Internacional

Dilma. Tchau ou até já?

Os senadores brasileiros votam hoje a autorização do julgamento da presidente. Com 41 votos a favor Dilma é suspensa e Michel Temer assume a presidência

Eraldo Peres/AP

No Brasil de hoje nada pode ser dado como garantido mas, acreditando na palavra do presidente do Senado, Dilma Rousseff já não acabará o dia na presidência. “O objetivo é concluir a sessão ainda na quarta-feira”, disse ontem Renan Calheiros ao anunciar a votação para as 19h locais, 23h em Portugal continental.

Mas Calheiros também diz esperar que pelo menos 60 dos 81 senadores se inscrevam para usarem da palavra durante a sessão em que a câmara alta do Congresso brasileiro decidirá se dá ou não aval à abertura de um processo de destituição da presidente, aprovado na Câmara de Deputados em abril. E cada senador deverá ter 15 minutos para falar, o que pode arrastar a sessão para lá das 10 horas previstas pelo responsável.

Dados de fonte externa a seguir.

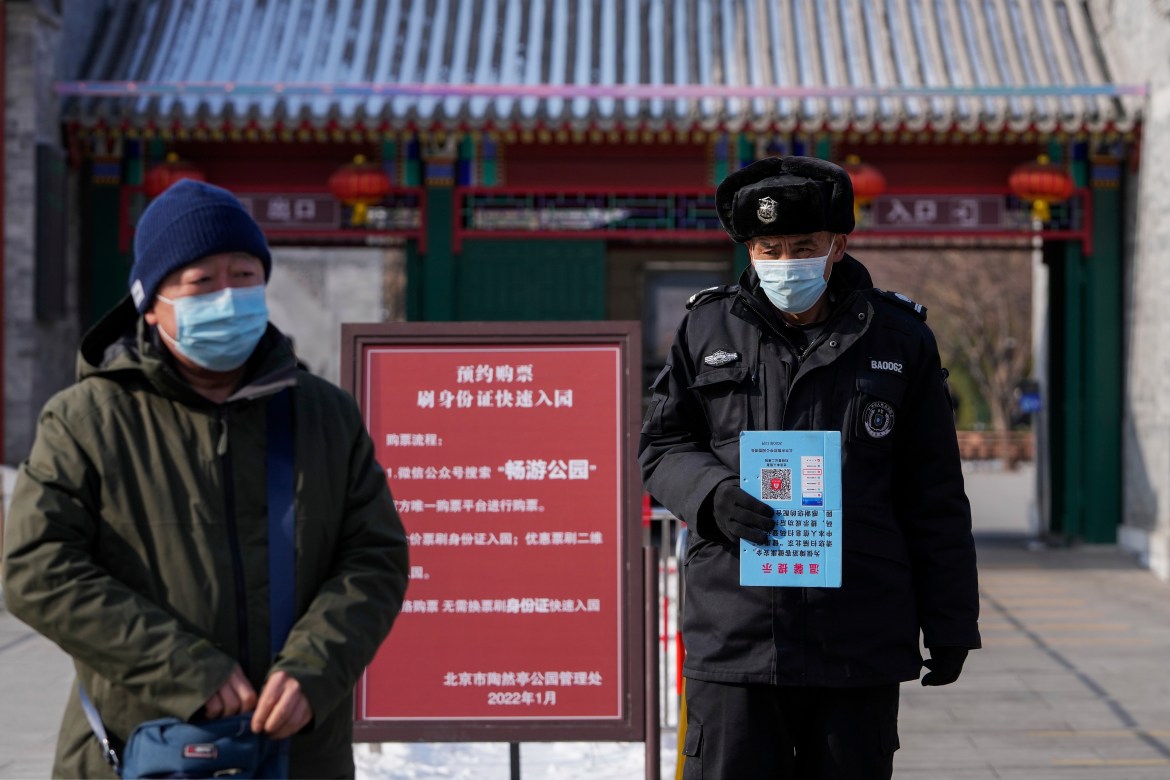 A man wearing a face mask to help protect from the coronavirus walks by a security guard holding a health code notice at an entrance gate to a park in Beijing, Tuesday, Jan. 25, 2022. Hong Kong has already suspended many overseas flights and requires arrivals be quarantined, similar to mainland China's "zero-tolerance" approach to the virus that has placed millions under lockdowns and mandates mask wearing, rigorous case tracing and mass testing. (AP Photo/Andy Wong)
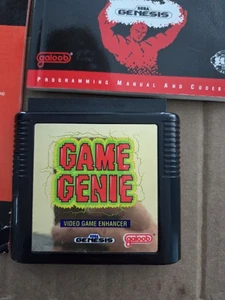 Game Genie Video Game Enhancer (Sega Genesis, 1992) Gold Label With Update Books - Picture 1 of 4
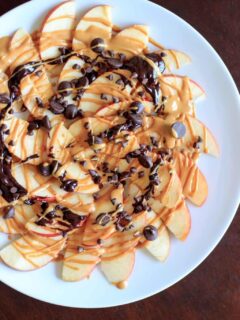 Apple Nachos with peanut butter and chocolate drizzle. Fruit, protein and chocolate makes this a great healthy snack at any time! Vegan, gluten-free, 5 minute dessert.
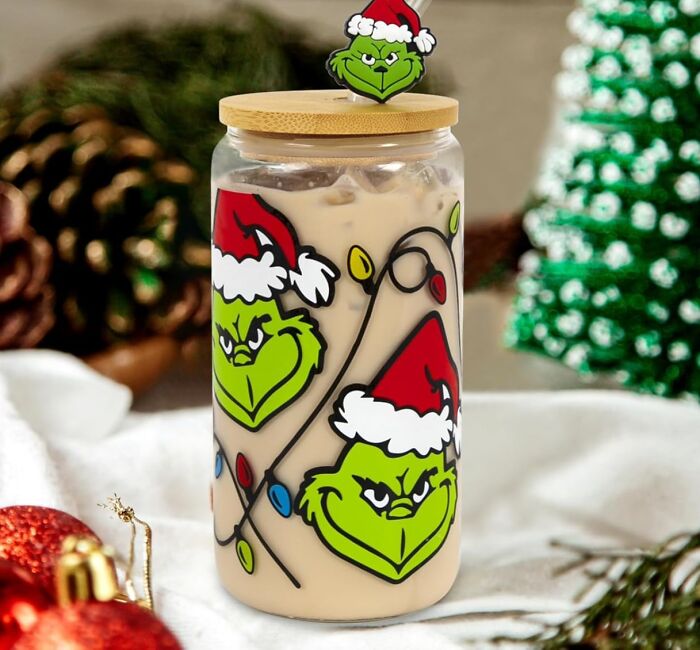 Festive jar with Grinch design, part of mom's viral "Brr Basket" trend, on holiday-themed table.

Seja a que horas for, bastará uma maioria simples, de 41 senadores, para o processo ser formalizado e Dilma ser suspensa de imediato das suas funções, sendo substituída interinamente pelo seu vice e rival, Michel Temer. A suspensão que terá a duração máxima de 180 dias, o que implica que, se o julgamento não tiver sido finalizado a 8 de novembro (ou 9, caso a votação venha a acontecer apenas na quinta-feira), a líder do PT voltará ao cargo e daí assistirá ao veredicto dos senadores.

É esse o cenário mais provável, reconhecido até por dirigentes petistas e pela forma como Temer não disfarça as negociações para a formação do próximo executivo (ver pág. 25). Todos os inquéritos feitos pela imprensa local convergem na existência de pelo menos 41 votos a favor do impeachment, apesar das diferenças registadas: a “Folha de São Paulo” antevê 51 votos; o “Estadão” e a “Globo”, 50.

Curioso é o facto de nenhuma das sondagens dar aos apoiantes do impeachment a maioria qualificada que se exige para o derrube definitivo da presidente. São 54 os votos necessários para, no final de todo um processo que promete arrastar--se até aos últimos meses do ano, se considerar Dilma culpada de “crimes de responsabilidade”, afastando-a do cargo de chefe de Estado e proibindo-a de exercer qualquer outra função política por um período de oito anos.

E se para já não existe esse número de senadores disposto a garantir que votará contra Dilma, a “Folha” alerta ainda para o facto de alguns não garantirem o apoio ao impeachment, agora anunciado, durante todo o processo. Na antevisão que faz da votação final, a “Folha” encontra “apenas” 43 senadores convencidos a votar pela destituição de Dilma, menos 8 que os votos “sim” anunciados para hoje e menos 11 que os necessários para condenar definitivamente a primeira mulher a presidir ao país.